**Directions:**
Repeat, exactly as written, the line containing "Kiener Plaza and" and each line after it through the end of the data.

==== Extracted data

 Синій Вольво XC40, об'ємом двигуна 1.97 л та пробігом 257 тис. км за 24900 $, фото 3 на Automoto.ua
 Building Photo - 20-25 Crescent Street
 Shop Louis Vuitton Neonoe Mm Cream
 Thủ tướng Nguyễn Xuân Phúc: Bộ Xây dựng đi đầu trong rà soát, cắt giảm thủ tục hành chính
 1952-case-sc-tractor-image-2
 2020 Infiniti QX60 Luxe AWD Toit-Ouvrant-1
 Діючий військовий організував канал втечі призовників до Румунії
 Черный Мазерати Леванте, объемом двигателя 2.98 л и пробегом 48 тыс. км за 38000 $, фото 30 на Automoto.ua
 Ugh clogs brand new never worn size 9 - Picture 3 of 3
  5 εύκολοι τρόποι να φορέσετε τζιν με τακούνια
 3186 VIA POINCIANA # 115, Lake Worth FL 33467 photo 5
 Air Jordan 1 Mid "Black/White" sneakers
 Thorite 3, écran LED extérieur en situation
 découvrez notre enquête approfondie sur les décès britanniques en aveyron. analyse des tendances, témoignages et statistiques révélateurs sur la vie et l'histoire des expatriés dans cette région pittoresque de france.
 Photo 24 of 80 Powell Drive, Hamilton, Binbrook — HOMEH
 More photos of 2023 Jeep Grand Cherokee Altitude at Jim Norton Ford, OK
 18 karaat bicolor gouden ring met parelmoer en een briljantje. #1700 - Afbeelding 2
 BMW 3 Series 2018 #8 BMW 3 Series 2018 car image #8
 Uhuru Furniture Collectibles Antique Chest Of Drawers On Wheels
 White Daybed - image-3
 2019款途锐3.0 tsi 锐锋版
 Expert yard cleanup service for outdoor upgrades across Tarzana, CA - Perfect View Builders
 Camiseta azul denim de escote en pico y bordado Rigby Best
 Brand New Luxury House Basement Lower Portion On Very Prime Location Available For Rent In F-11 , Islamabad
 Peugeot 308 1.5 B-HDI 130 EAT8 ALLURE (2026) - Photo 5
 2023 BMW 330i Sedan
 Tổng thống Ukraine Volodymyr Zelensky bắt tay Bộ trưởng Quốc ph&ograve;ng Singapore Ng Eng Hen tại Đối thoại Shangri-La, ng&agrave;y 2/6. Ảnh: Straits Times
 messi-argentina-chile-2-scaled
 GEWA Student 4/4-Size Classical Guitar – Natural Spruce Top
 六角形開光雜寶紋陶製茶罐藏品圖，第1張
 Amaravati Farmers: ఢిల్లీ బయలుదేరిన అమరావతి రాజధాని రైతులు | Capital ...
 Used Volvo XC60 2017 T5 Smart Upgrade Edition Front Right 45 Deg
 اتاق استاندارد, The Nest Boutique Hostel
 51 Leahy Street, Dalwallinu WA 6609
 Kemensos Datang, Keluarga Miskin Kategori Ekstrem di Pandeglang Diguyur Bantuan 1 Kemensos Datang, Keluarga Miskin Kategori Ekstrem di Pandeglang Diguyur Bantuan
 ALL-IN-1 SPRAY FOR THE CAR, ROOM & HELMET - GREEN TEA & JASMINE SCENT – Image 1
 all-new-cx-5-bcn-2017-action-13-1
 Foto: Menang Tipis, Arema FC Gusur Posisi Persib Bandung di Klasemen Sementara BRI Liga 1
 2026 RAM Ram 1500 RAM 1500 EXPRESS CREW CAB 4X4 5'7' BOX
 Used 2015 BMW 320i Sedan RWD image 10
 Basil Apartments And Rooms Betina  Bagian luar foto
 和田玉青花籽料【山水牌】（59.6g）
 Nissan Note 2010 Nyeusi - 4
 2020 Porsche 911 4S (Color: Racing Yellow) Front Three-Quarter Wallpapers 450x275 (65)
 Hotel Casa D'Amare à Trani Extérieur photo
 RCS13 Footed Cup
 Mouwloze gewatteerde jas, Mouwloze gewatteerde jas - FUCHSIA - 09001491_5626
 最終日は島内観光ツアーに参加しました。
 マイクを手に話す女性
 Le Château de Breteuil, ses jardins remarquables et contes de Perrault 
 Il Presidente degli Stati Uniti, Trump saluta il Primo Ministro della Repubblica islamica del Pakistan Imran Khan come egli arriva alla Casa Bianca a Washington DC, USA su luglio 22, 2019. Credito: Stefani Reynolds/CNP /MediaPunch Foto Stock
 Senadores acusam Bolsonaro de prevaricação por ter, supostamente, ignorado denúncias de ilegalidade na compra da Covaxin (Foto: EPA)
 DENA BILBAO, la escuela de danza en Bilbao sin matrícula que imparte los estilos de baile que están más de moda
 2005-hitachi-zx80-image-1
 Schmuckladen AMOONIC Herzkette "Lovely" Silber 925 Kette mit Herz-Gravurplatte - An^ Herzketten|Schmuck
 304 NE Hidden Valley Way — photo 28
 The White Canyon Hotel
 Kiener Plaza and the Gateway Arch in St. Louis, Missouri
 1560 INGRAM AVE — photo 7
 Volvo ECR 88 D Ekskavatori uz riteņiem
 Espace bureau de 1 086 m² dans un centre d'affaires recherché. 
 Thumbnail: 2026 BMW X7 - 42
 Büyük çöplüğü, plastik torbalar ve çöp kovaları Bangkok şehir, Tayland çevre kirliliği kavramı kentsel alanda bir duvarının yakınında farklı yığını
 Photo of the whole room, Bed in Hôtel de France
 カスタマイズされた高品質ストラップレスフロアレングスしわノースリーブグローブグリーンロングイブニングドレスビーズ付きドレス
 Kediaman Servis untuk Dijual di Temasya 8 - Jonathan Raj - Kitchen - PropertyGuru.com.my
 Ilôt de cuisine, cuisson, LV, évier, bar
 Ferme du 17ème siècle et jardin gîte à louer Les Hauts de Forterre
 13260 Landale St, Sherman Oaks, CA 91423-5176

========

**Solution to this exercise:**
 Kiener Plaza and the Gateway Arch in St. Louis, Missouri
 1560 INGRAM AVE — photo 7
 Volvo ECR 88 D Ekskavatori uz riteņiem
 Espace bureau de 1 086 m² dans un centre d'affaires recherché. 
 Thumbnail: 2026 BMW X7 - 42
 Büyük çöplüğü, plastik torbalar ve çöp kovaları Bangkok şehir, Tayland çevre kirliliği kavramı kentsel alanda bir duvarının yakınında farklı yığını
 Photo of the whole room, Bed in Hôtel de France
 カスタマイズされた高品質ストラップレスフロアレングスしわノースリーブグローブグリーンロングイブニングドレスビーズ付きドレス
 Kediaman Servis untuk Dijual di Temasya 8 - Jonathan Raj - Kitchen - PropertyGuru.com.my
 Ilôt de cuisine, cuisson, LV, évier, bar
 Ferme du 17ème siècle et jardin gîte à louer Les Hauts de Forterre
 13260 Landale St, Sherman Oaks, CA 91423-5176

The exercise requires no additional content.